§ Your assignment: Without any of the pictures, set down the data below exactly.

§ Data shown:
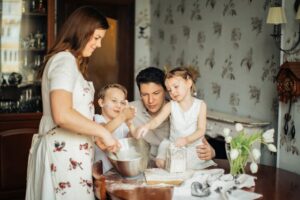 Read more about the article الأدوار الأسرية: متى تصبح مرنة ومتى يجب أن تبقى ثابتة؟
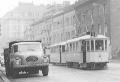 Souprava brněnkých dvounápravových vozů ev.č.99+185 na křižovatce Švábky v roce 1971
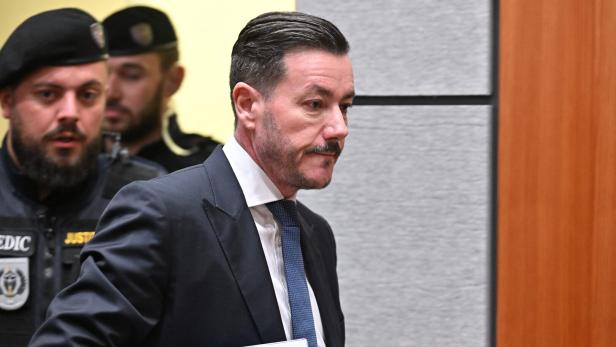 AUSTRIA-REAL-ESTATE-CORRUPTION-TRIAL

§ Result of this exercise:
 Read more about the article الأدوار الأسرية: متى تصبح مرنة ومتى يجب أن تبقى ثابتة؟
 Souprava brněnkých dvounápravových vozů ev.č.99+185 na křižovatce Švábky v roce 1971
 AUSTRIA-REAL-ESTATE-CORRUPTION-TRIAL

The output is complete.